#### What you should do:
The line containing "Close-up of the" marks the start. Restate it and every following line through the end of the records exactly, and nothing else, leaving out the pictures.
#### Records for the exercise ####
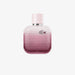 Bottle of L.12.12 Rose Eau Intense perfume with floral elements like rose, iris, cotton flower, and cedarwood in the background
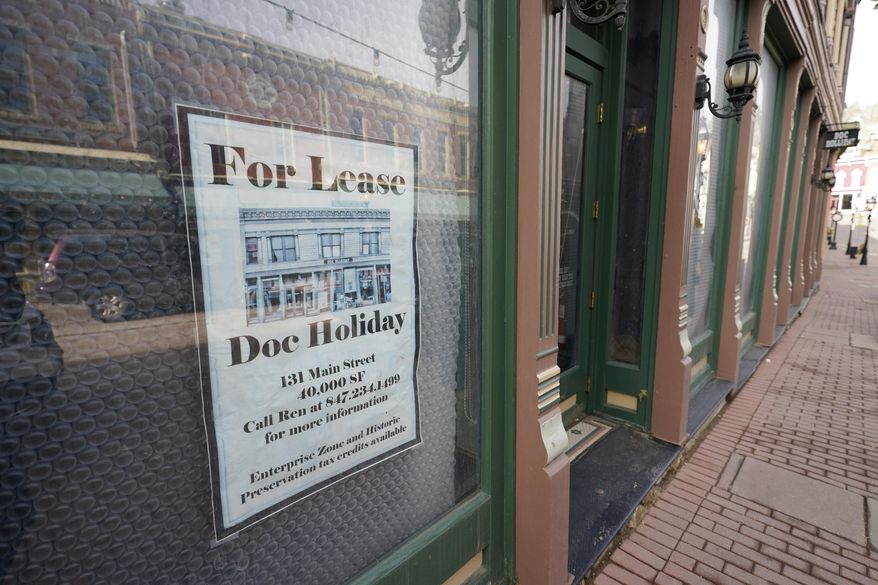 A lease sign hangs on the window of a shuttered casino along Main Street Wednesday, Nov. 18, 2020, in the gaming town of Central City, Colo. The building has been vacant for several years since the casino's closure. (AP Photo/David Zalubowski)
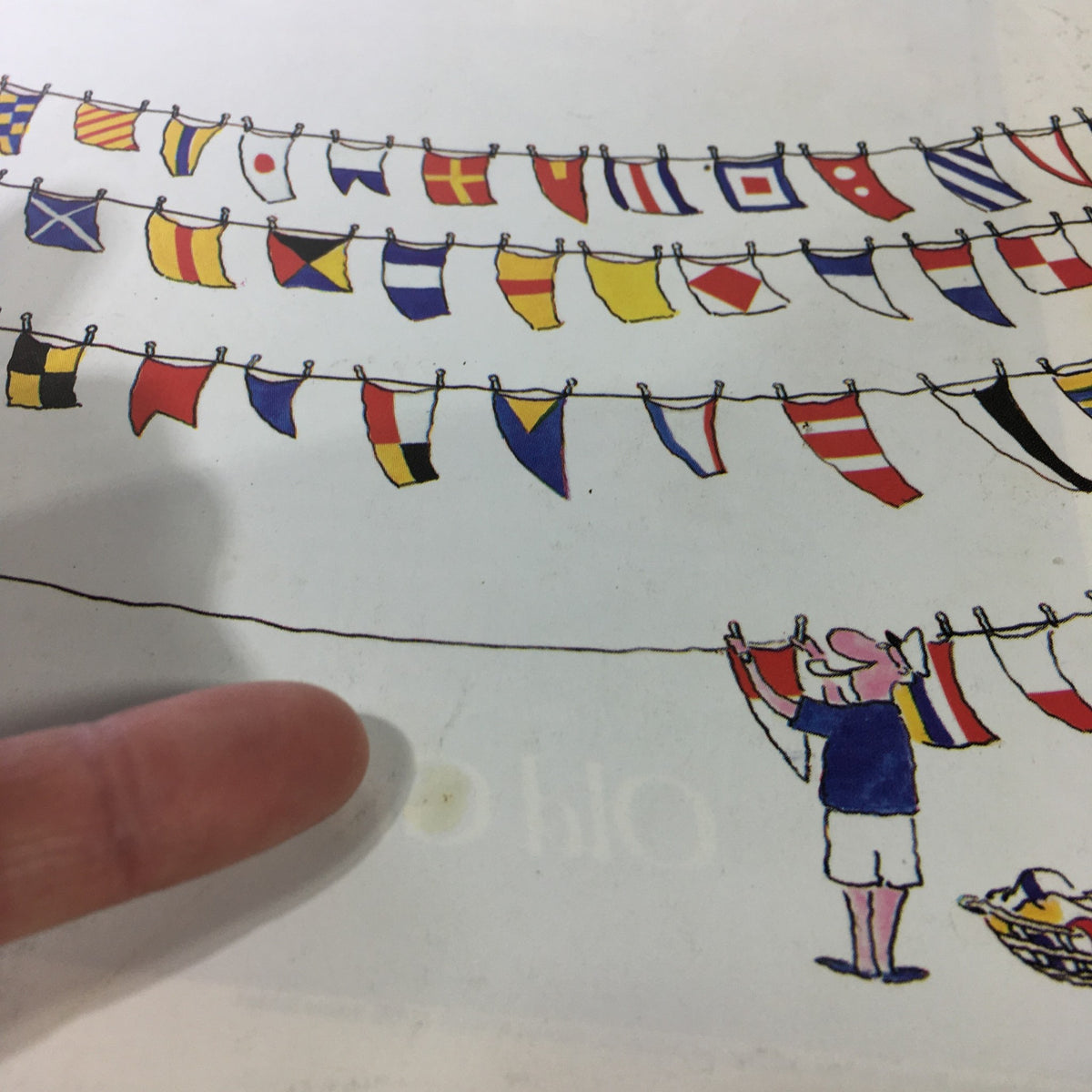 Close-up of the The New Yorker Magazine June 3, 1985 cover, highlighting colorful flags and a character adjusting the laundry.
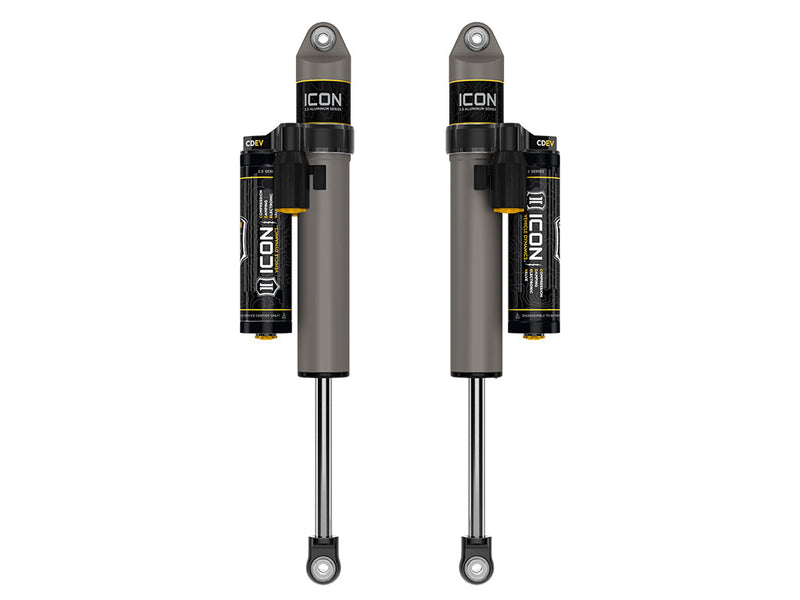 ICON Vehicle Dynamics 2.5 Series Shock Absorbers: rendered pair of gray ICON 2.5 aluminum series shocks with CDEV piggyback reservoirs and eyelet ends on white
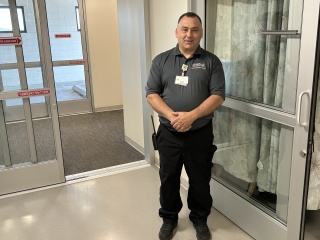 Bill Allen stands in hallway of Elizabethtown Community Hospital-Ticonderoga.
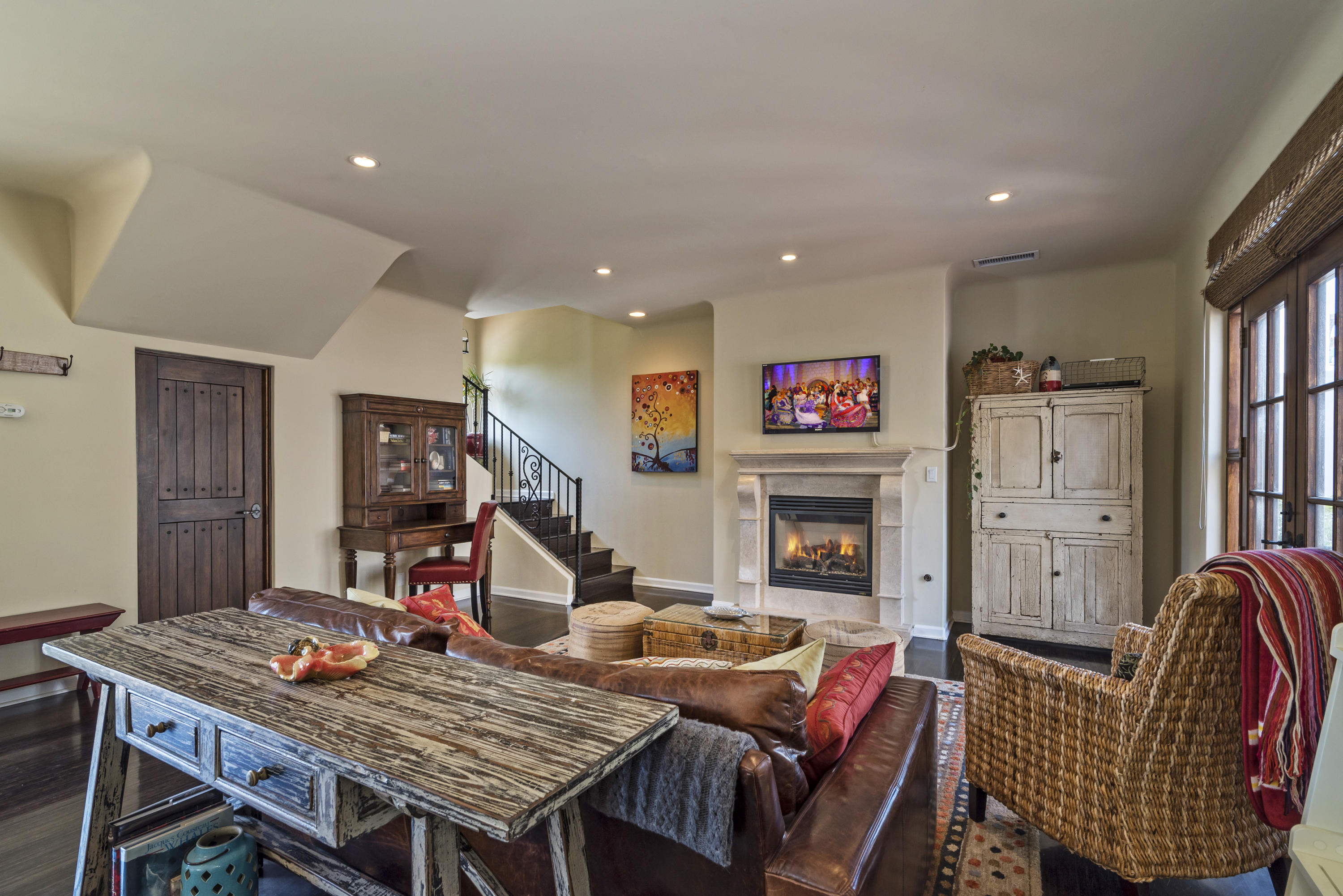 4004 Via Lucero, Unit 7 Santa Barbara, CA 93110 - Photo 3 of 14 a living room with furniture and a fireplace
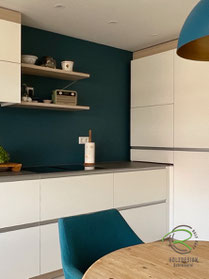 Maßgefertigte Schreinerküche in L-Form in weiß und Eichendekor mit flächenbündigem Muldenlüfter und in der Ecke mit Kaffeenischenschrank mit Drehtüren und ausziehbarem Tablarboden zum Befüllen der Kaffeemaschine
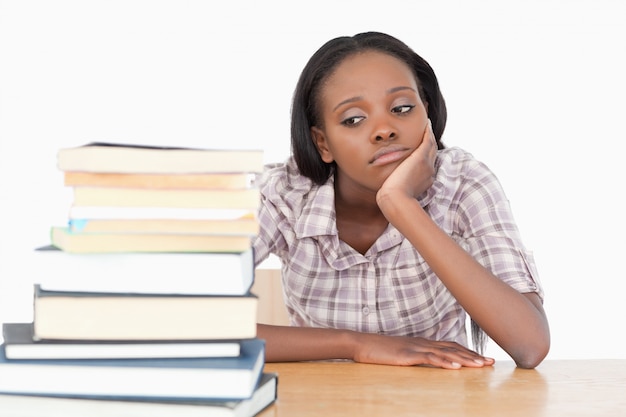 Estudiante aburrido mirando una pila de libros sobre un fondo blanco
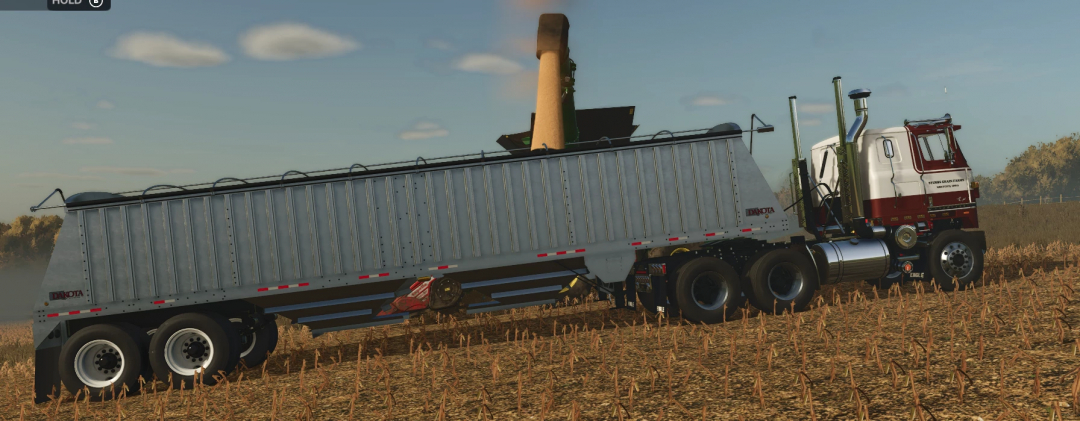 FS25 mod DM Dakota 38FT trailer in a field, showcasing Farming Simulator 25 gameplay.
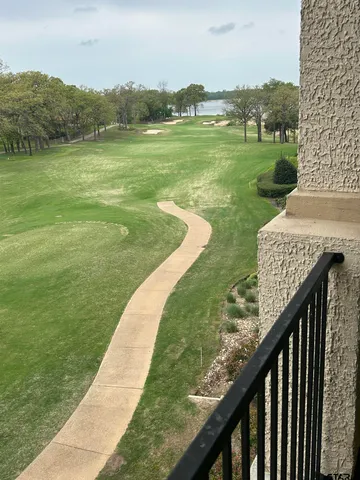 a view of a garden from a balcony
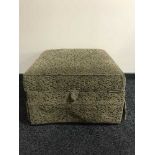 Upholstered ottoman footstool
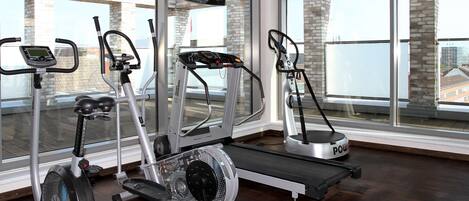 Un gimnasio con diferentes máquinas de ejercicio, una pantalla de televisión y amplios ventanales con vistas a edificios.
####
#### Written solution:
 Close-up of the The New Yorker Magazine June 3, 1985 cover, highlighting colorful flags and a character adjusting the laundry.
 ICON Vehicle Dynamics 2.5 Series Shock Absorbers: rendered pair of gray ICON 2.5 aluminum series shocks with CDEV piggyback reservoirs and eyelet ends on white
 Bill Allen stands in hallway of Elizabethtown Community Hospital-Ticonderoga.
 4004 Via Lucero, Unit 7 Santa Barbara, CA 93110 - Photo 3 of 14 a living room with furniture and a fireplace
 Maßgefertigte Schreinerküche in L-Form in weiß und Eichendekor mit flächenbündigem Muldenlüfter und in der Ecke mit Kaffeenischenschrank mit Drehtüren und ausziehbarem Tablarboden zum Befüllen der Kaffeemaschine
 Estudiante aburrido mirando una pila de libros sobre un fondo blanco
 FS25 mod DM Dakota 38FT trailer in a field, showcasing Farming Simulator 25 gameplay.
 a view of a garden from a balcony
 Upholstered ottoman footstool
 Un gimnasio con diferentes máquinas de ejercicio, una pantalla de televisión y amplios ventanales con vistas a edificios.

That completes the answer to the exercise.